Use SET (Switch Embedded Teaming) on 2016+
For Hyper-V clusters on 2016/2019/2022+, prefer SET over classic LBFO teaming for VM traffic.
Create one SET vSwitch per host using 2+ physical NICs:
New-VMSwitch -Name "vSwitch-Prod" -NetAdapterName "NIC1","NIC2" -EnableEmbeddedTeaming $true -AllowManagementOS $false
Then add vNICs for Mgmt, LM, CSV, etc. on top of SET if using converged networking.

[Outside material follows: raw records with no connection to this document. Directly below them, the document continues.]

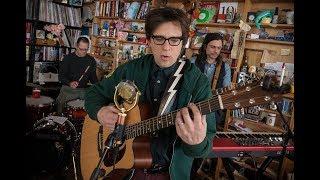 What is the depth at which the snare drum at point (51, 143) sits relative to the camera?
9.37 ft

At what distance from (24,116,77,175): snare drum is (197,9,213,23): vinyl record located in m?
2.44

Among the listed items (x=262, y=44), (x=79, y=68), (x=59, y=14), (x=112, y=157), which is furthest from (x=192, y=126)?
(x=59, y=14)

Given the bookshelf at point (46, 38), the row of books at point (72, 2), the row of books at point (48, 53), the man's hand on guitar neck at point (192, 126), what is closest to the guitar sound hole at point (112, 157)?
the man's hand on guitar neck at point (192, 126)

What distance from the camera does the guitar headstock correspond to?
96 cm

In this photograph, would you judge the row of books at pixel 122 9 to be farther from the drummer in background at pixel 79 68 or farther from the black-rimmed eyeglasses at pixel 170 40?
the black-rimmed eyeglasses at pixel 170 40

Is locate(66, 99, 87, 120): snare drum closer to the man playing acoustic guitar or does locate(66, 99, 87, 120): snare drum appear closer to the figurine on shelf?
the man playing acoustic guitar

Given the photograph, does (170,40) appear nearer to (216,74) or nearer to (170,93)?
(170,93)

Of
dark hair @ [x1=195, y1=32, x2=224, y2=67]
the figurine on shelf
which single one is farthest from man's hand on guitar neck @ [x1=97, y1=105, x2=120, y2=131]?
the figurine on shelf

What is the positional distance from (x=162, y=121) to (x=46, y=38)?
5.08 m

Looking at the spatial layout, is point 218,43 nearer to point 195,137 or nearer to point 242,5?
point 242,5

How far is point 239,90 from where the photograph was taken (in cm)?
106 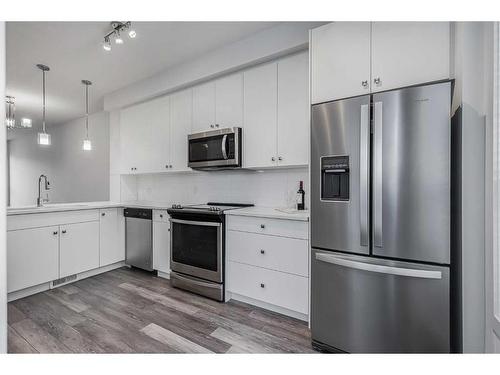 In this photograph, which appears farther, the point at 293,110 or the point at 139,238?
the point at 139,238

Converged networking vNICs
On hosts, create vNICs attached to the same vSwitch:
vNIC-Mgmt
vNIC-LiveMigration
vNIC-Cluster/CSV
vNIC-Backup (if needed)
Bind each vNIC to its own VLAN and QoS weight (see QoS section).
Avoid mixing “AllowManagementOS = $true” with converged design
Prefer no management OS sharing on the main vSwitch:
Use host vNICs (created via Add-VMNetworkAdapter -ManagementOS) instead of binding the OS directly to the pNIC.
For older OS (2012 R2)
Use LBFO NIC Teaming with Dynamic load distribution and Switch Independent mode.
Still keep the same concept: single team feeding a vSwitch, then vNICs on top.
Create dedicated VLANs per traffic type
Suggested layout:
VLAN 10 – Management
VLAN 20 – VM/Production
VLAN 30 – Cluster/Heartbeat
VLAN 40 – CSV/S2D/Storage
VLAN 50 – Live Migration
VLAN 60+ – Backup / Replication / DMZ segments as needed
IP schema example
Mgmt: 10.10.10.0/24
Cluster/Heartbeat: 10.10.20.0/24
CSV/S2D/SMB: 10.10.30.0/24
Live Migration: 10.10.40.0/24
iSCSI: 10.10.50.0/24 (non-routed)
Routing rules
Cluster/CSV/S2D and iSCSI subnets are usually non-routed (east-west only).
Enable routing only where necessary and secure with ACLs/firewall to reduce blast radius.
Use Hyper-V / SMB QoS with converged networking
Assign minimum bandwidth weights to each vNIC.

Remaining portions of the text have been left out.